DIGEST: A New York City law firm
may simultaneously participate on a pro bono basis in the
volunteer counsel programs of The Legal Aid Society and a
District Attorney's Office for a county within New York City, and
handle criminal appeals on behalf of both criminal defendants and
the State.
CODE: DRs 5-101(A), 5-105(A), (C),
(D); ECs 2-25, 5-15.
QUESTION
May a law firm participate in a
pro bono program operated by a New York City District Attorney's
Office to represent the State on appeals from criminal
convictions at the same time as the firm participates in a pro
bono program of The Legal Aid Society to handle the appeals of
indigent defendants?
OPINION
A large New York City law firm has
requested the Committee's opinion concerning the ethical
propriety of the firm's proposed participation in a pro bono
program to provide assistance in criminal appeals to a District
Attorney in one of the counties of New York City (the "D.A.

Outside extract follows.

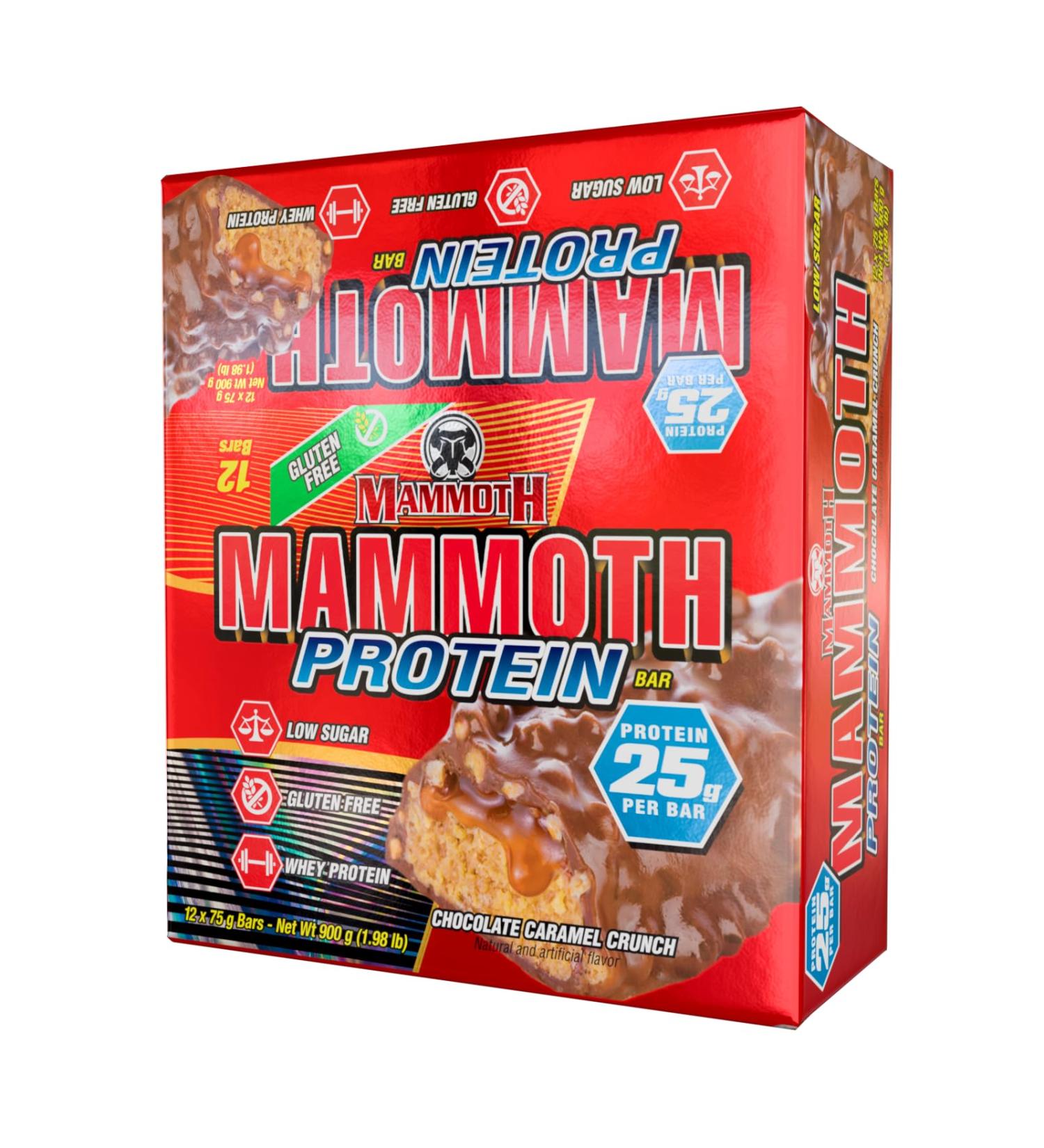 MAMMOTH Protein Bar 25g Protein Low Sugar Low Carb Gluten Free 12 x 65g (12 Count Chocolate Caramel) Chocolate Caramel 12 count (Pack of 1)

Program") in the context of the firm's ongoing participation
in the Volunteer Program of the Criminal Appeals Bureau of The
Legal Aid Society (the "Legal Aid Program"), in which
lawyers from the firm provide pro bono representation to
individual appellants in criminal cases. Although simultaneous
involvement in the prosecution and defense of criminal matters
can give rise to ethical concerns in specific cases, we conclude
that simultaneous involvement in these two pro bono programs is
not ethically improper.
The inquiring law firm advises
that, in the Legal Aid Program, lawyers in private practice
represent clients in appeals from felony convictions following
jury trials in the New York State Supreme Court, and that,
depending upon the county in which the trial took place, these
appeals are prosecuted in either the First or the Second
Department of the Appellate Division. By accepting a case
assignment, a firm assumes primary responsibility for the appeal
and agrees to act as co-counsel with The Legal Aid Society. In
the D.A. Program, lawyers in private practice represent the
People of the State of New York as respondent in appeals before
the Appellate Division, initiated by defendant-appellants
following convictions in felony matters in the Supreme Court.
When a private attorney participates in this program, the
attorney is sworn in as a Special Assistant District Attorney at
the time an appeal is assigned to him or her. The appointment is
limited to the handling of the assigned appeal, and lasts only
for the duration of the appellate process in the assigned case.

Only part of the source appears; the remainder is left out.